IamCathal

Posted on Aug 6, 2020

Using Google's Tesseract OCR to cheat at online memory tests

#python #tutorial #beginners #ocr

When I first played HumanBenchmark's verbal memory test test I was hooked. The idea of the minigame is that it shows a word and you have to say if it is new or if it has appeared before. This might sound simple with 3 lives but after about 12 words your ability to differentiate between the two is practically as good as guessing.

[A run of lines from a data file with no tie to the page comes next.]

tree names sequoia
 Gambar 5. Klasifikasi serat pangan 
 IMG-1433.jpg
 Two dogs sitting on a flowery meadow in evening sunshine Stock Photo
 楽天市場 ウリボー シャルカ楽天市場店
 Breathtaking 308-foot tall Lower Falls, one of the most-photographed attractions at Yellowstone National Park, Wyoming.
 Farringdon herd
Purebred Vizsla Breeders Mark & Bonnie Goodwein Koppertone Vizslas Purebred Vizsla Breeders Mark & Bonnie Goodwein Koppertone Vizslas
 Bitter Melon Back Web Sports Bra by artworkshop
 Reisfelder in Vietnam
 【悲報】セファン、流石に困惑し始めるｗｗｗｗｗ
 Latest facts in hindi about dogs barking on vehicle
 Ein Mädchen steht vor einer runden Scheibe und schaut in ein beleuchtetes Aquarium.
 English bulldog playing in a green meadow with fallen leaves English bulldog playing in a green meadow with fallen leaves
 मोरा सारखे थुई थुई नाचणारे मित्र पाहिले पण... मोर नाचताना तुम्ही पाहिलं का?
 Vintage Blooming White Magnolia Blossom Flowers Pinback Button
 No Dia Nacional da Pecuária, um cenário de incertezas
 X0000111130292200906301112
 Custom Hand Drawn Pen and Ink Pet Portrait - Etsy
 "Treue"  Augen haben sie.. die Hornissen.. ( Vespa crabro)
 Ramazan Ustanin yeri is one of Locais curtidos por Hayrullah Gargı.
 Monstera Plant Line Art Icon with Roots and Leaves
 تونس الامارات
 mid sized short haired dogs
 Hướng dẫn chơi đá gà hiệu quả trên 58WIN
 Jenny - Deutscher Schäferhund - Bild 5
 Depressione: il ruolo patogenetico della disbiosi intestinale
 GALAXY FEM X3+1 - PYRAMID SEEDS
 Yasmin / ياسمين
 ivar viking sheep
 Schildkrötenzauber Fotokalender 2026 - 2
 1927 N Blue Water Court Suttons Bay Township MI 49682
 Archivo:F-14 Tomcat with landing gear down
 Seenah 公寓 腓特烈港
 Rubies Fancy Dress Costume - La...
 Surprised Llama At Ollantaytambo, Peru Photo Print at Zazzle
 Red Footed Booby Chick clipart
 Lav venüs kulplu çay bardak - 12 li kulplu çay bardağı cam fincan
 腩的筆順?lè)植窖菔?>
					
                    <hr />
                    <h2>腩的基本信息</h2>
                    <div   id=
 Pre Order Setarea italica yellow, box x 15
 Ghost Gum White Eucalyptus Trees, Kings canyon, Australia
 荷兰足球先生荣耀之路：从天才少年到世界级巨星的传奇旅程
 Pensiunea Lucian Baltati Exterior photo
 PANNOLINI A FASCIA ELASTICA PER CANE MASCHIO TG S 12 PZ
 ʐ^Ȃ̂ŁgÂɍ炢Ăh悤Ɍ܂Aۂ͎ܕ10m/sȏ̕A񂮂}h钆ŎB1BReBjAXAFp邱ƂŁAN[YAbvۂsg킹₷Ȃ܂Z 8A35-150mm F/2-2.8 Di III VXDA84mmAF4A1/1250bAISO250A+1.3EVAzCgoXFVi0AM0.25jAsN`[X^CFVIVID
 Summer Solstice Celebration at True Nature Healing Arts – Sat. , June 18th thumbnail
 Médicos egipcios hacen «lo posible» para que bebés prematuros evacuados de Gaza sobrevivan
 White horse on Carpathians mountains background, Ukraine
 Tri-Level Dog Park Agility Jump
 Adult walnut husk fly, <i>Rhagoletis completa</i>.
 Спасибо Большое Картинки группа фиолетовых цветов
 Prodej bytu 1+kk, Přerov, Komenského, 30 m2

Instead of actually improving my verbal memory I decided to do it the easy way, cheat. Google's Tesseract OCR is one of the most popular and easy to use image to text converters available. I wrote up the script in about half an hour and although it's no enterprise software it gets the job done.

Installation

Tesseract OCR

We need to download and add Tesseract OCR to our path to be able to access it from any directory on our computer. The installation page guides you through installation for Linux, Windows and Mac OS so just follow that and after check its working with the command tesseract --version.

Python Modules

If you're running python 3 (as you should be) and using pip3 to install your python modules you can get all the required ones with these 3 commands.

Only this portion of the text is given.